The ESBs were originally meant to support airborne mine countermeasures and special forces operations, though the Marine Corps expressed interest in the ship early and often. USNI News visited the first ESB, USS Lewis B. “Chesty” Puller (ESB-3) in U.S. 5th Fleet in 2018, and the Marines had been much more active in visiting the ship to experiment with it than had the MCM and SOF communities.
Following the Sept. 4 contract announcement, Naval Sea Systems Command spokesman Alan Baribeau told USNI News that “the requirement to berth 100 additional military personnel is based on the [military crew] footprint increase to meet Operational Commander’s needs and a requirement to embark elements of a USMC Special Purpose Marine Air-Ground Task Force. It also includes expansion of equipment to support additional roles. The additional berthing, laundry, stowage and messing spaces will be accomplished through a structural modification to the existing Forward house. No current mission capabilities, mission spaces or functions, were impacted by this change.”
Asked why the Marine Corps wanted these changes – a sign that they planned to spend a significant amount of time on the ships going forward – Marine Corps headquarters spokeswoman Capt. Casey Littesy told USNI News that, “as the U.S. Marine Corps modernizes the force and prepares strategies to deter and win against a peer threat, releasable specifics about our capabilities, tactics, techniques, and procedures will be limited.
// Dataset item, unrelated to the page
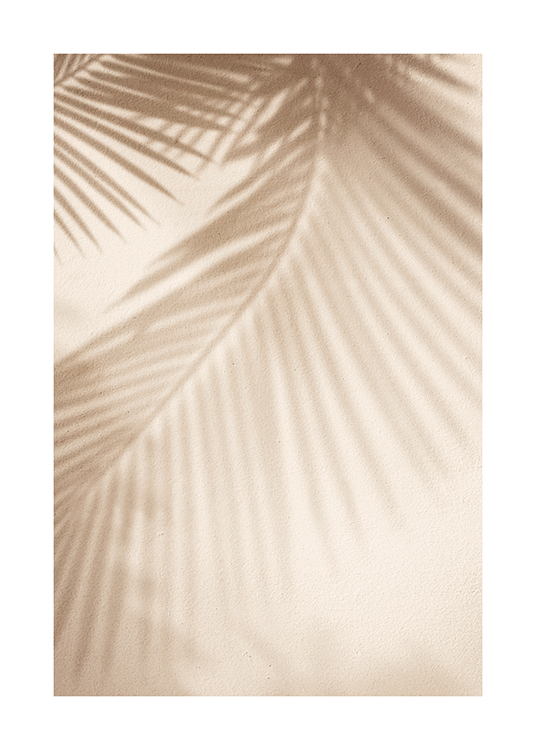  – Fotografi av skygger fra palmeblader mot en lys beige vegg med ru struktur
Current force design initiatives and planning efforts are focused on adapting capabilities to properly shape the Marine Corps’ contributions to the joint fight. Our naval expeditionary force will reflect a holistic change to how we train and fight. Integrated operating concepts, capabilities, doctrine, personnel assignments, education and training will ensure that our naval team cannot be excluded from any region in a contested environment.”